Transitional measures

Although Councils have been given a long lead time to incorporate the NPS into their planning documents, they will be required to "have regard" to the NPS's provisions when considering consent applications lodged after 1 July for new uses or for changes to an existing use. The aim of these transitional measures is to "hold the line" while limits are set.

Currently only four of the 17 regional councils have operative or proposed quality limits and flow regimes and fewer than half have allocation systems or targets for water quality.

Key NPS policies

Regional councils will be required in their Resource Management Act (RMA) planning and decision-making to:

  • establish limits for water quality and for the amount of water which can be abstracted
  • establish targets, methods and timelines to improve water quality where it does not meet NPS objectives
  • allocate fairly and efficiently water that is available for 'out of stream' use
  • better integrate fresh water and land management (reflecting that diffuse discharges from land use activities are a significant source of water quality degradation)
  • protect outstanding freshwater resources (including wetlands, 90% of which have already been drained or destroyed in New Zealand)
  • impose conditions on discharge permits and, where possible, require adoption of the best practicable option to prevent or minimise contaminants from entering fresh water
  • reduce existing over-allocation and avoid further over-allocation, including by reviewing water permits and consents, and
  • involve iwi and hapū so that tangata whenua values are reflected in freshwater planning.

Much of the detail above was taken from the Cabinet Paper.

The NPS in practice

Quality and quantity limits will differ between regions and from water body to water body within regions. The expectation is that most water bodies will be managed to balance public values and economic use but that some at the high end will be entirely protected in their natural state while others, where the economic benefit outweighs other considerations, will be allowed to remain "degraded".

A NPS cannot insert rules directly into planning documents so will always be subject to regional differences. The Cabinet Paper acknowledges this, stating "we do not yet know the level at which limits will be set in individual catchments, and the rigidity with which they will be applied by individual councils".

To ensure that this local discretion does not undermine the effectiveness of the NPS, additional detailed policy development and best practice guidelines will be developed and training and support will be provided for decision-makers. This will be done over the next six to 12 months in consultation with local government and other key stakeholders.

The Cabinet Paper also recognises that the NPS will need to be complemented by other instruments, such as economic levers to incentivise users to change their behaviours. But decisions on these have been kicked out to after the election with:

  • options to set limits for water quality and quantity, including governance arrangements, to go to the Cabinet in February 2012, and
  • work on more efficient allocation mechanisms to be completed by late 2012.

Indications are that the special Commission to oversee the implementation of the Land and Water Strategy, as recommended by the Land and Water Forum, will not proceed.

NPS part of broader package

The NPS for Renewable Electricity Generation will come into effect on 13 May 2011 but the issue of how the two Statements will interface seems to have been left to Council interpretation.

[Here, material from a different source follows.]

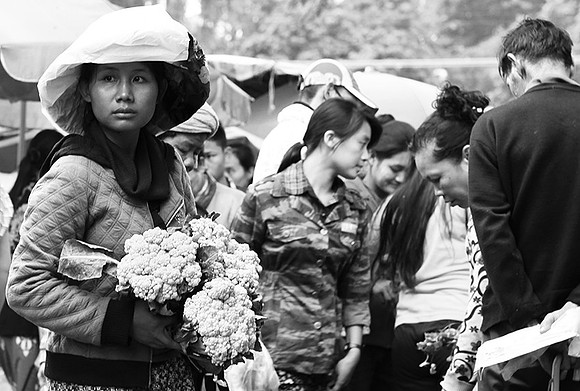 Street market - Kengtung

Although the freshwater NPS identifies electricity generation as among the national values of fresh water, it does not prioritise any one use or value over others.

Other elements of the water management package announced by the Government with the NPS on Monday are:

  • an Irrigation Acceleration Fund to support irrigation infrastructure proposals to the prospectus stage ($35 million over 5 years will be allocated for this purpose in the 19 May Budget)
  • a contestable fund to help councils and communities restore nationally significant lakes and rivers, and
  • the creation in 2013-14 of a Crown investment vehicle to act as a minority partner or corner shareholder to encourage third party investment in the construction of regional-scale storage and irrigation schemes. The Government has indicated that this will have a budget of $400 million, funded through the proceeds from the partial SOE privatisation programme.